Photo by Ketut Subiyanto from Pexels

From both my professional and personal circles, I've been hearing stories from managers who face (in astonishment) a push back from team members who would prefer to keep on working from home, rather than coming back full time to the office. I wonder if they ever imagined having this destabilizing conversation in their management careers.

I’ve heard stories from employees too. Individual contributors who were surprised by sudden announcements regarding their sudden, specific, and minimal expected presence at the office (say 3 out of 5 days at the office, per week, to 5 out of 5).

Now, there is a strong case for enterprises to want their people back at the office. Everything from better collaboration, creativity, innovation, attraction, retention, engagement, and cultivating a solid workplace culture is at play here. Nevertheless, we cannot oversee all the reasons why employees have grown fond of working from home. May it be the fact of not having to commute (and being able to use that extra time as they please, though a good portion is put back into work), as well as newfound access to autonomy, flexibility, better work-life balance, ability to attend family matters, etc.

This creates a push-and-pull situation that is frustrating for everybody. I see some organizations using the command-and-control ways to bring people back, while others try friendly strategies like providing free lunch, free ice cream, music, and live animations at given times. And of course!, communicating on these fun actions with the hope of pushing the FOMO buttons of their absent workforce.

My wonder is: are enterprises addressing this situation with the seriousness it deserves? Because for me, this is the real elephant in the room right now; an uncomfortable conversation that not a lot of people are willing to have, and a potential pandora box that enterprises do not want to get close to, but should.

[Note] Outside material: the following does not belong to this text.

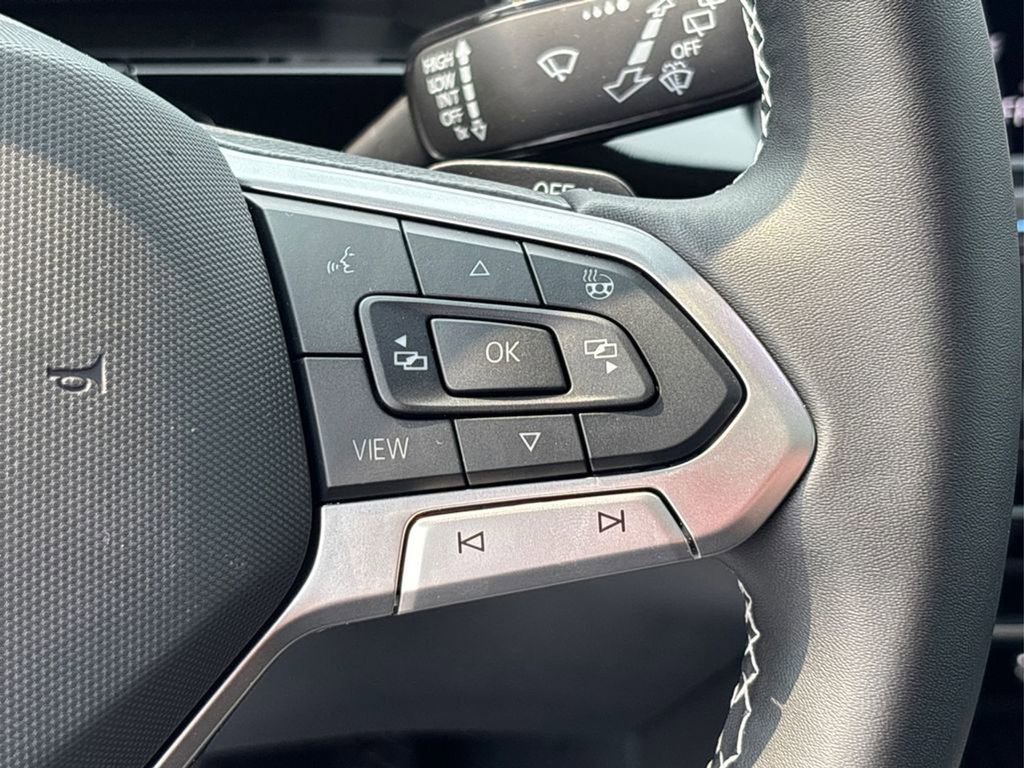 Used 2025 Volkswagen Atlas Cross Sport SE image 29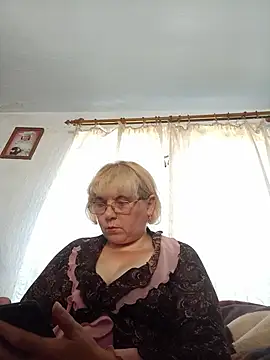 Živá chatovací místnost Elena_Beautiful784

If left unaddressed, the potential damage could be vast, the reasons being the following:

- A recent study about the future of remote work by McKinsey showed that around 30% of employees would switch jobs if they were to return to fully on-site work.

- Another survey from Bloomberg found that 39% of workers (a number that raised to 49% for Millennials and Gen Z) would quit their job if their current employer is unwilling to allow them to work remotely.

Something you can challenge me on is: “are those employees likely to go through and act on their words?”. Truth is, they may, or they may not, but is losing your top talent a risk you are willing to take especially at a time where top performance, creativity, and innovation will be critical to go forward?

It is likely that amongst your pool of talent, you have people who can’t wait to come back to the office (or never stopped coming for that matter), people that don’t want to come back AT ALL, and then, you may have another group that just wants the best out of both worlds, what we are calling hybrid working. I believe, as a leader, you should want to know how the distribution between those groups looks like for your organization, since there is no way to create a point of view and even less a strategy, if you do not know what you are working with…or against.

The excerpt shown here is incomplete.